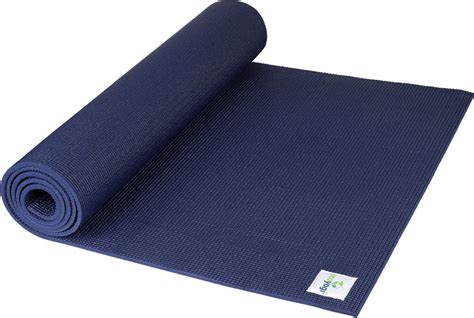 bolcom ecoyogi yogamat fitnessmat  cm   cm   cm blauw extra lang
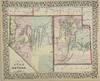 County Map of Utah and Nevada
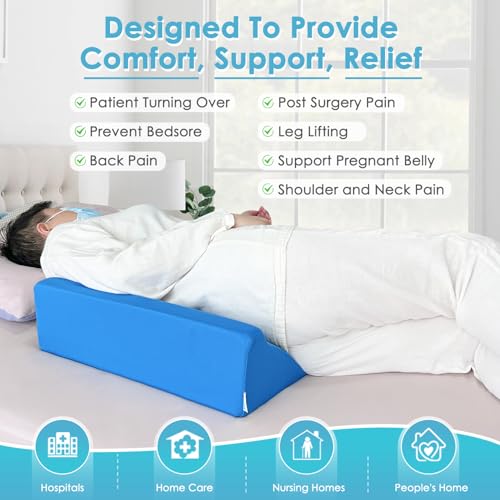 Bed Wedge Pillow for Seniors – Incline Support for Comfort & Recovery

Work required
Reproduce the whole listing above character for character; pictures do not belong in it.

Exercise response
 bolcom ecoyogi yogamat fitnessmat  cm   cm   cm blauw extra lang
 County Map of Utah and Nevada
 Bed Wedge Pillow for Seniors – Incline Support for Comfort & Recovery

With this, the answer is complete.